# [SOLVED] Recovery problems with Acer Aspire 5100



## peppertherj (Jun 14, 2008)

I'm having problems with running the recovery CD. The problem first started when the computer (Acer Aspire 5102WLMi w/ XP SP2) wouldn't recognize anything in the computer when it booted up. Instead it tried to network boot, giving me this message:

"For Realtek RTL8139(X)/8130/810X PCI Fast Ethernet Controller v2.13 (020326)
PXE-E61: Media test failure, check cable
PXE-M0F: Exiting PXE ROM."

I disabled it and after several alt control deletes it suddenly recognized the hard drive and dvd drive and finally booted. I've had to do this several times just to get it to start up. Now it's started something else in combination with this. First, when it boots to the hard drive, it says

"Windows could not start because the following file is missing or corrupt:
<Windows root>\system32\hal.dll
Please re-install a copy of the above file"

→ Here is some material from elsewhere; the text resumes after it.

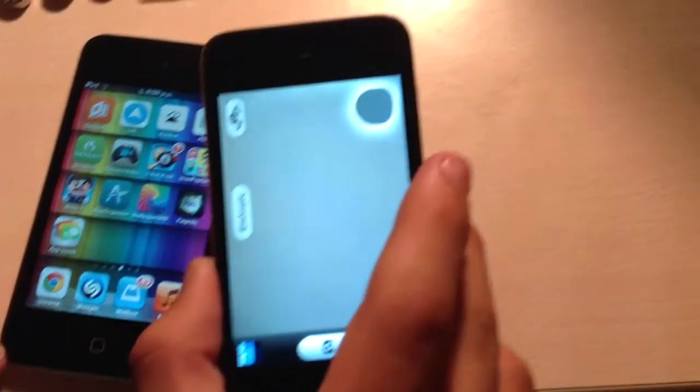Yeah, and that's basically how you can make your smartphone's camera better. Bye for now. See you in the next video.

So I figured I'd just run the recovery and reformat it. There's nothing important on it anyway. I stuck in the recovery disc and just set bios to run the recovery disc automatically so that if it didn't recognize the drives I could just alt control delete til it did. I got the recovery to start and it starts loading then all of the sudden, it'll just shut off on me out of nowhere while it's still loading the recovery disc.

I've checked all kinds of forums and sites and have found nothing that could help me. Does anyone have any ideas?


----------



## TriggerFinger (Jan 30, 2008)

*Re: Recovery problems with Acer Aspire 5100*

do you mean your laptop cannot consistently see the the hard drive or the CD drive? this could mean a bios or motherboard problem. reset the CMOS. try reseating these devices. also try to reseat your RAM modules. i also suggest you test your hard drive and CD drive on another computer just to be sure they are still in good working condition. if ever they test OK in another computer, then you could be having problems with your motherboard or bios.


----------



## peppertherj (Jun 14, 2008)

*Re: Recovery problems with Acer Aspire 5100*

Reset the cmos, now the computer is booting fine and loading the recovery disc all the way to copying the partition. The random rebooting was being caused by the computer overheating and bios shutting it down. The recovery is running now and is going well. Thanks much for the advice!


----------



## TriggerFinger (Jan 30, 2008)

*Re: Recovery problems with Acer Aspire 5100*

so it was overheating? i did not see that in the posts. i just thought the error pops up every time (even at first power ON of the day).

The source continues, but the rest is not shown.